Adam Nagourney has written an "analysis" of the ... well, he calls it a "sharp dispute" between Barack Obama and Howard Dean. I hope the president is on the beach without his laptop or other access to the Times. Howard Dean has enough of a sense of humor to give this kind of crap a miss.
It's not that the disagreement doesn't exist. It's just that certain words and phrases used by both media and politicos now are red flags shouting, "We can't figure this out and we don't know how to dig our way out of Washington-speak. So let's just grab a headline instead."
Here we are in the final hours of the worst and most humiliating decade for America that most of us have experienced. Even as we should be emerging from its thrall we continue to be tugged back by Washington-speak -- including Washington's journos who use words and phrases so old and smelly they must have already been dead for at least half a decade.

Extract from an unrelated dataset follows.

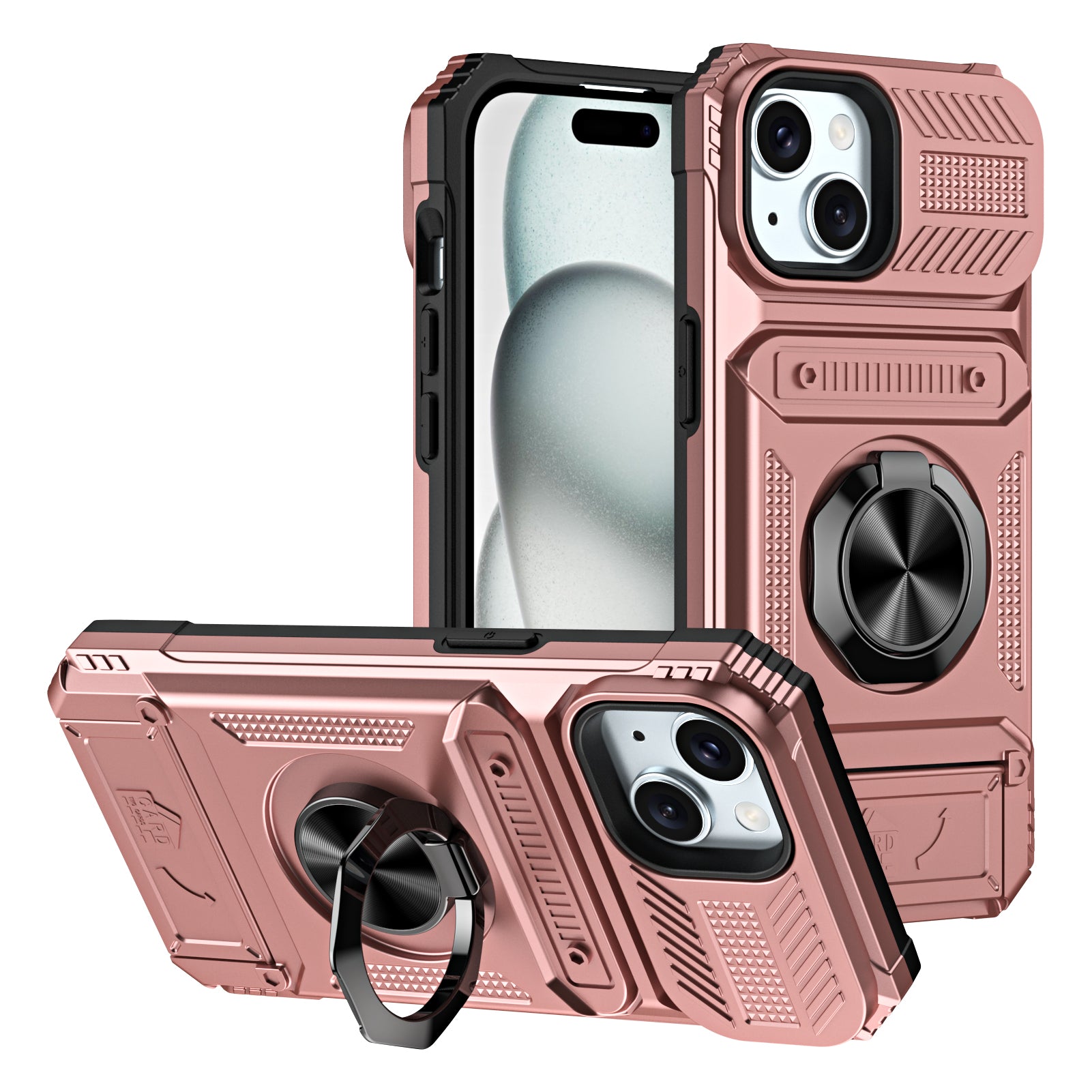 Rugged Shockproof Ring Stand Case for iPhone 17 / 16 / 15 / 14 / 13 Series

Examples: "battle an entrenched establishment"; "Mr. Dean denounced it as a sell-out while Mr. Obama heralded it as an historic breakthrough"; "the roots of the ideological breach"; "this White House, stocked as it is with insiders"; "who has long had strained relations"; "entrenched special interests"; "long-time feud"; "whip up the public"; "come under fire on a number of fronts"; "enlist his network of grass-root supporters"; "consequences for the 2010 elections"; "stinging attack"; "focus on what this bill is and not what it isn’t"; "what an enormous landmark achievement it is, progressive achievement".
Mind you, not all of these were the words of Adam Nagourney. Some cliches came from the mouths of familiar Washington babes, including "progressives."
Is there such a thing as progress when every aspect of it is defined by weary pundits, dead phrases, and media drum beaters? Or, to put it another way, we know we can't trust the media, but can we entrust progress to progressives?